[[ Source material, beginning ]]

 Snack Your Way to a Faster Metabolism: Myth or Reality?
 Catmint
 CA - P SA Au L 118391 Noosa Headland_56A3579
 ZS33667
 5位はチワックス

[[ Source material, end ]]
[[ Source material, beginning ]]

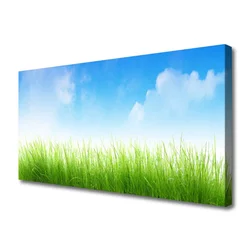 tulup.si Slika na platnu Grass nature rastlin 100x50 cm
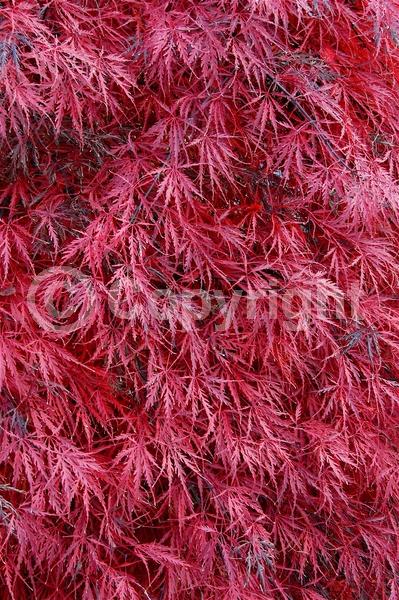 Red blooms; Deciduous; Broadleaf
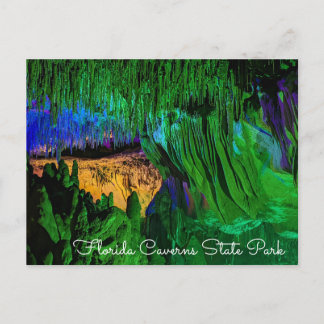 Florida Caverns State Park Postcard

[[ Source material, end ]]

**Task directions:**
Would you please reproduce the entries above, starting at the line with "Red blooms; Deciduous; Broadleaf" and stopping after the line with "Florida Caverns State Park Postcard"? Omit any pictures.

**Problem solution:**
 Red blooms; Deciduous; Broadleaf
 Florida Caverns State Park Postcard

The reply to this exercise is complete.